Held over the Mother’s Day weekend to give participating hotels a boost before the onset of Las Vegas’s searing summer, the event, billed as an “epicurean extravaganza,” drew more than 5,200 ticketed guests—25 percent local, the rest from around the country and abroad, Canada, Mexico, Europe, and the Pacific Rim—to 25 events involving more than 50 chefs from May 5 through 8. That’s more than double the attendance and a third more events than the inaugural festival.
Spread among five participating hotels—Caesars Palace, Wynn and Encore, MGM Grand, Mandalay Bay, and Bellagio—the festival involves elaborate coordination between presenting sponsor Bon Appétit (including the magazine’s special event director Melissa Poll, and editor in chief Adam Rapoport); Cathy Tull, senior vice president of marketing for the Las Vegas Convention and Visitors Authority; each hotel’s food and beverage team; and O’Keefe. The event was managed by Overland Entertainment, a regular with Condé Nast magazines, and sponsorship activator Octagon’s Washington, D.C. office brought in American Express to join the event’s dozen sponsors. The sponsors also included Infiniti, Clarisonic, Fiji Water, and Travelocity, which dispatched its “Roaming Gnome” and a photographer to take pictures with chefs and guests.
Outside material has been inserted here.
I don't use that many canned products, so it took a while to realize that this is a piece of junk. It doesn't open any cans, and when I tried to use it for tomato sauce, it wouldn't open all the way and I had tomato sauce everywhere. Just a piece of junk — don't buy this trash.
And while the tourism mecca has drawn some of the world’s top chefs, such as Charlie Palmer, Joël Robuchon, Alain Ducasse, and Susan Feniger, to open their own restaurants there, this is the rare moment when most are in residence. Indeed, that’s one of the chief selling points of the festival: up close and personal dinners, parties, and demonstrations with some of the biggest names in the restaurant world.
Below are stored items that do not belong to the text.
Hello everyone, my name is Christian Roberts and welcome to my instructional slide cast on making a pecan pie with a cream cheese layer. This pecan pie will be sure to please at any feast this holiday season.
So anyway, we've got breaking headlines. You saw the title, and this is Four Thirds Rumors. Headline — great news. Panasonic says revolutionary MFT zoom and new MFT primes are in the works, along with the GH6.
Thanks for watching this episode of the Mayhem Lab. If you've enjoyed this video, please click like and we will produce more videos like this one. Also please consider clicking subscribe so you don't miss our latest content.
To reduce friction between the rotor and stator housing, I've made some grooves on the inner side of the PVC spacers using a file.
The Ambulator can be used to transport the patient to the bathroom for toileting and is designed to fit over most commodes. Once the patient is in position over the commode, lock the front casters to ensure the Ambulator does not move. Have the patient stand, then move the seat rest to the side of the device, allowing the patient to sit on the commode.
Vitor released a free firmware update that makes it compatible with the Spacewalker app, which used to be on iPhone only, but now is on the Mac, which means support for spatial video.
Limiting most dinners to 30 to 70 guests is key to organizers’ “managed growth strategy,” O’Keefe said. “When we add a new event, we do so with the overall numbers in mind. We want each event to have a sense of intimate access between the chefs, the sommeliers, and the winemakers.” This year’s highlights included the signature grand tasting at Caesars Palace, where 50 chefs and sommeliers (including celebrity newcomers Michel Richard and Nobu Matsuhisa) were joined by star mixologists, who served up original and traditional cocktails and demonstrations; Top Chef’s Tom Colicchio’s after-party at his eatery, Craftsteak; born-again vegan Steve Wynn’s gourmet vegan tasting reception whipped up by Tal Ronnen, who has cooked for Oprah Winfrey and trained the Wynn resorts’ chefs; and a dinner of Frank’s favorite dishes with Tina Sinatra, to toast the inaugural release of Sinatra Family Estates’ “Come Fly With Me” cabernet sauvignon.